This ConfigMap is then added as a source of environment variables to the
Postgres StatefulSet/pods.

## Limiting the number of min and max instances in clusters

As a preventive measure, one can restrict the minimum and the maximum number of
instances permitted by each Postgres cluster managed by the operator. If either
`min_instances` or `max_instances` is set to a non-zero value, the operator may
adjust the number of instances specified in the cluster manifest to match
either the min or the max boundary. For instance, of a cluster manifest has 1
instance and the `min_instances` is set to 3, the cluster will be created with 3
instances. By default, both parameters are set to `-1`.

## Load balancers and allowed IP ranges

For any Postgres/Spilo cluster, the operator creates two separate K8s
services: one for the master pod and one for replica pods. To expose these
services to an outer network, one can attach load balancers to them by setting
`enableMasterLoadBalancer` and/or `enableReplicaLoadBalancer` to `true` in the
cluster manifest. In the case any of these variables are omitted from the
manifest, the operator configmap's settings `enable_master_load_balancer` and
`enable_replica_load_balancer` apply. Note that the operator settings affect
all Postgresql services running in all namespaces watched by the operator.

To limit the range of IP addresses that can reach a load balancer, specify the
desired ranges in the `allowedSourceRanges` field (applies to both master and
replica load balancers). To prevent exposing load balancers to the entire
Internet, this field is set at cluster creation time to `127.0.0.1/32` unless
overwritten explicitly. If you want to revoke all IP ranges from an existing
cluster, please set the `allowedSourceRanges` field to `127.0.0.1/32` or to an
empty sequence `[]`. Setting the field to `null` or omitting it entirely may
lead to K8s removing this field from the manifest due to its
[handling of null fields](https://kubernetes.io/docs/concepts/overview/object-management-kubectl/declarative-config/#how-apply-calculates-differences-and-merges-changes).
Then the resultant manifest will not contain the necessary change, and the
operator will respectively do noting with the existing source ranges.

## Running periodic 'autorepair' scans of K8s objects

The Postgres Operator periodically scans all K8s objects belonging to each
cluster and repairs all discrepancies between them and the definitions generated
from the current cluster manifest. There are two types of scans:

* `sync scan`, running every `resync_period` seconds for every cluster

* `repair scan`, coming every `repair_period` only for those clusters that
didn't report success as a result of the last operation applied to them.

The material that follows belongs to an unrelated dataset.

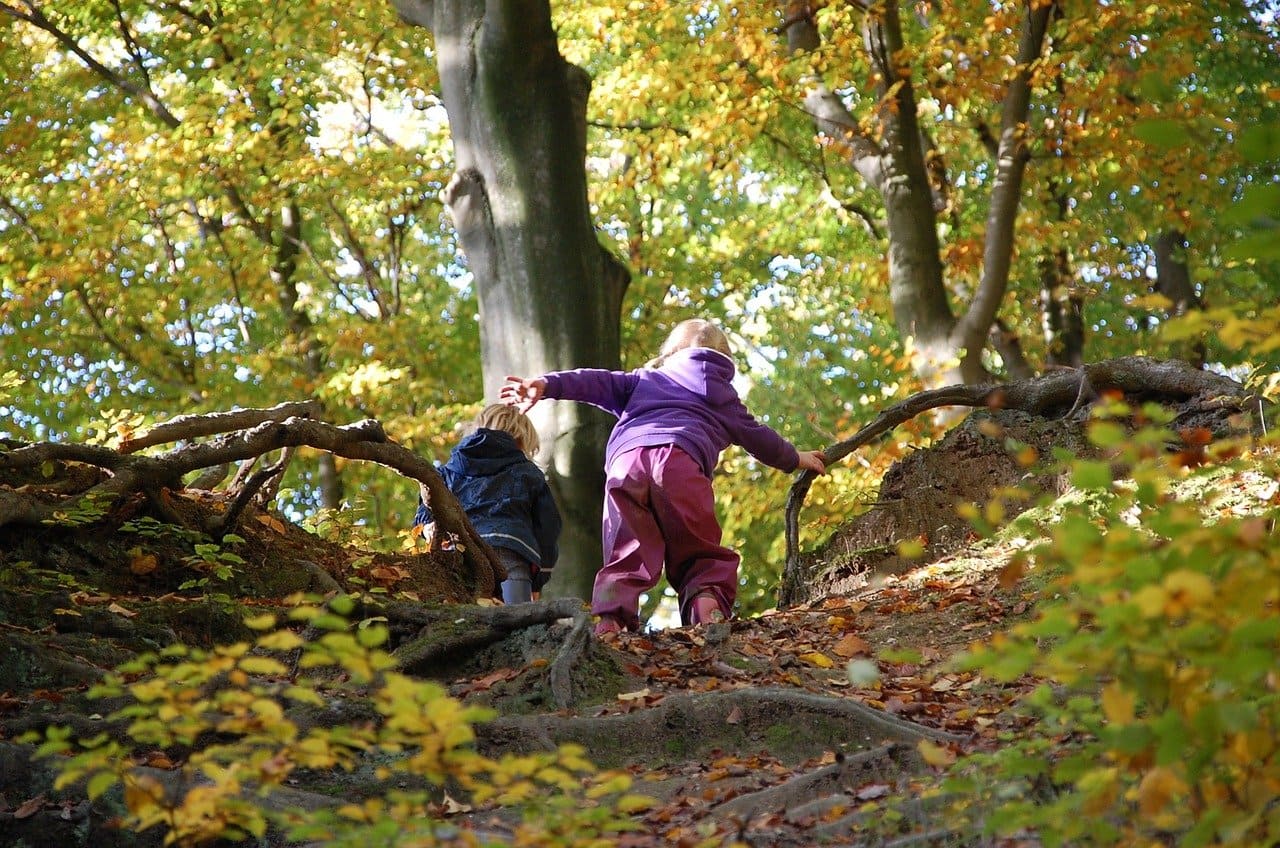 Waldspiele-Blaetterwald-Kinder-Spielen-im-Wald-Feinmotorik-Grobmotorik-Motorik-Koerperbeherrschung-Bewegungsdrang-Waldluft-Kritisches-Netzwerk-Waldboden-Baumsorten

## Postgres roles supported by the operator

The operator is capable of maintaining roles of multiple kinds within a
Postgres database cluster:

* **System roles** are roles necessary for the proper work of Postgres itself
such as a replication role or the initial superuser role. The operator delegates
creating such roles to Patroni and only establishes relevant secrets.

* **Infrastructure roles** are roles for processes originating from external
systems, e.g. monitoring robots. The operator creates such roles in all Postgres
clusters it manages, assuming that K8s secrets with the relevant
credentials exist beforehand.

* **Per-cluster robot users** are also roles for processes originating from
external systems but defined for an individual Postgres cluster in its manifest.
A typical example is a role for connections from an application that uses the
database.

* **Human users** originate from the Teams API that returns a list of the team
members given a team id. The operator differentiates between (a) product teams
that own a particular Postgres cluster and are granted admin rights to maintain
it, and (b) Postgres superuser teams that get the superuser access to all
Postgres databases running in a K8s cluster for the purposes of maintaining and
troubleshooting.

## Understanding rolling update of Spilo pods

The operator logs reasons for a rolling update with the `info` level and a diff
between the old and new StatefulSet specs with the `debug` level. To benefit
from numerous escape characters in the latter log entry, view it in CLI with
`echo -e`. Note that the resultant message will contain some noise because the
`PodTemplate` used by the operator is yet to be updated with the default values
used internally in K8s.

## Logical backups

The operator can manage k8s cron jobs to run logical backups of Postgres
clusters. The cron job periodically spawns a batch job that runs a single pod.
The backup script within this pod's container can connect to a DB for a logical
backup. The operator updates cron jobs during Sync if the job schedule changes;
the job name acts as the job identifier. These jobs are to be enabled for each
individual Postgres cluster by setting `enableLogicalBackup: true` in its
manifest. Notes:

1. The [example image](../docker/logical-backup/Dockerfile) implements the
backup via `pg_dumpall` and upload of compressed and encrypted results to an S3
bucket; the default image ``registry.opensource.zalan.do/acid/logical-backup``
is the same image built with the Zalando-internal CI pipeline. `pg_dumpall`
requires a `superuser` access to a DB and runs on the replica when possible.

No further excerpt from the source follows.